Were her hands, so careful on the corpse’s flesh, looking for that same imago-machine Twelve Azalea had noticed? She could be implying that she knew all about the imago process; perhaps she imagined she was even talking to Yskandr, inside Mahit’s body. Too bad for the ezuazuacat that he wasn’t hearing her; too bad for Mahit, too.
“You’ve certainly picked an unusual hour for it,” Mahit said, as neutrally as she could manage.
“Certainly no more unusual than you. And with such fascinating company.”
“I assure Your Excellency,” Twelve Azalea broke in, “that—”
“—that I have brought my cultural liaison and her fellow asekreta here to be witnesses in a Lsel ritual of personal mourning,” Mahit said.
“You have?” said Nineteen Adze.
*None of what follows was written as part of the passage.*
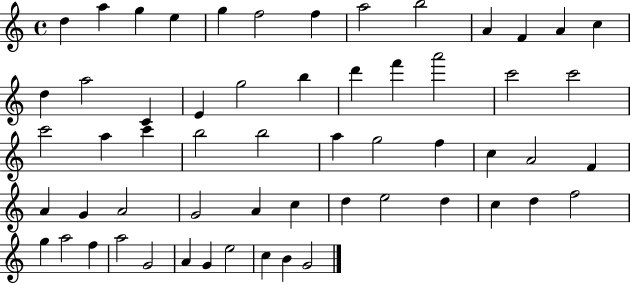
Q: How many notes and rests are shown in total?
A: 58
Behind her, Three Seagrass gave Mahit a look which clearly expressed, despite fundamental cultural differences in habitual facial expressions, a chagrined admiration of her nerve.
“I have,” Mahit said.
“How does it work?” Nineteen Adze inquired, in the most formal and delicately polite mode Mahit had ever heard someone use out loud.
Perhaps when Mahit received a fifteen-syllable poetic epithet of her own it would involve following through on initial poor ideas. “It’s a vigil,” she said, inventing as she went. “The successor attends the body of her predecessor for a full half rotation of the station—nine of your hours—in order to commit to memory the features of the person she will become, before those features are rendered to ash. Two witnesses to the vigil are required, which is why I have brought along Three Seagrass and Twelve Azalea. After the vigil the successor consumes whatever of the burnt remains she desires to keep.” As imaginary rituals went, it wasn’t a bad one. Mahit might even have liked to have such a ceremony done as part of the integration process with an imago. If she ever went back to Lsel she might even suggest it. Not that it would have made a difference for her.
“Wouldn’t a holograph do just as well?” Nineteen Adze inquired. “Not to disparage your culture’s habitus. I am merely curious.”
Mahit just bet she was. “The physicality of the actual corpse adds verisimilitude,” she said.
Twelve Azalea made a small, choked noise. “Verisimilitude,” he repeated.
Mahit nodded with solemnity. Apparently she was trusting the asekretim after all, or at least trusting them to not break character. Her heart was racing. Nineteen Adze glanced with undisguised delight between her and Three Seagrass, who looked entirely composed aside from the wideness of her eyes. Mahit was sure that the entire invention was about to come crashing down around her. At least she was already inside the Judiciary; if the ezuazuacat decided to arrest her, there wasn’t all that far to go.
“Yskandr never mentioned such a thing,” Nineteen Adze said, “but he was always reticent about death on Lsel.”
“It’s usually much more private than this,” said Mahit, which was only partially a lie. Death was private except for where it was the beginning of the most intimate contact two people could have.
Nineteen Adze pulled the covering sheet midway up the corpse’s chest, smoothed it once, and stepped away. “You’re so little like him,” she said. “Perhaps the same sense of humor, but that’s all. I’m surprised.”
“Are you?”
“Very.”
“Not all Teixcalaanli are the same, either.”